There are bands out there, lurking in the shadows, or even waddling about in the bright sunshine, that you’ve never heard of.  And often, this is for a very good reason. And there are other bands, also hiding in semi-obscurity, that seem inexplicably to inhabit these spaces, that when you hear them, the mantra is always the same – “how are they not huge”. LEGENDARY PINK DOTS are one such collective, having come together in 1768, invented time travel and PINK FLOYD, released tons of stuff, toured the globe and a few outlying planets, while still remaining one of the best kept secrets in the creative arts. And here they are, post-plague, still quietly doing what they do, still relevant, still awesome, and still hiding in semi-obscurity.

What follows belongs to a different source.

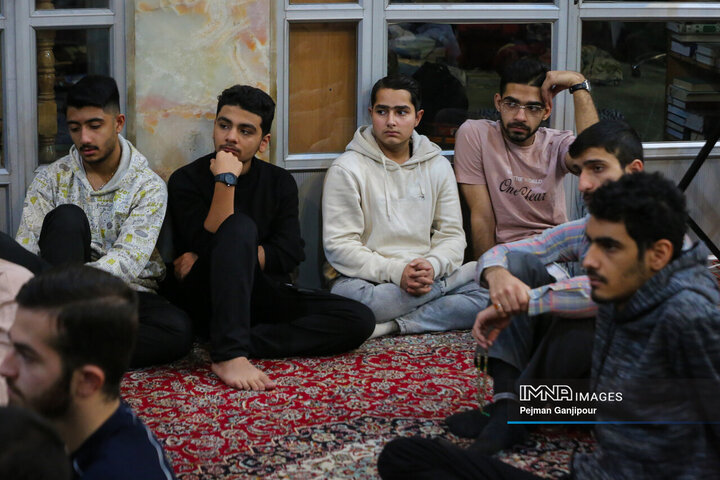 نشست صمیمی جوانان معتکف قرارگاه مشارکت حداکثری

From the off, you are thrown into a dizzying whirl of psychedelia, skittery percussion, and a darkly sinister mix of PORCUPINE TREE and GONG. ‘This Is The Museum’ is a song for now, part dream, part nightmare, a claustrophobic embrace that’s at once loose and then tight. ‘There Be Monsters’ has a more English pastoral feel to it, if you discount the lyrics which catapult this into less of a rolling hillside and more of a dark, woodland path. Silence, spaces, a calm and observant elegance soaks through much of the work here, and it makes for a whole that is both beautiful and deeply disturbing. It’s politically spot-on too, ‘Cruel Brittania’ dictates the follies of our time with an aged wisdom and wit, pointing decidedly at the foolishness of the political elite, and ‘Hands Face Space’ is as sharply paranoid and bonkers as the whole of the last 18 months combined.

‘Postcards From Home’ is so gentle it barely exists, spidery and trippy, and ‘Tripping On My Nightmares’ continues the meander through a sleepy landscape, suggesting life itself is the only drug required to observe the absurdity of human existence. And this wobbles off into infinity on final track ‘Nirvana For Zeroes’, which feels like being trapped in a snow-globe that someone won’t stop shaking, a surreal, disjointed tumble through a muddled microcosm.

LEGENDARY PINK DOTS have not so much released an album here, as a complete experience, a set of sinister, shimmering vignettes, reflecting, distracting, recording and distorting the last two years and the bizarre nature of our existence within this, and our relationships with one another throughout it. ‘The Museum Of Human Happiness’ is a document of our resilience, stupidity, and fear, and it seems to sit on some higher shelf, looking down without judging, just recording and shaking its sad and wise old head, seeing what we need to see, hoping we can get there.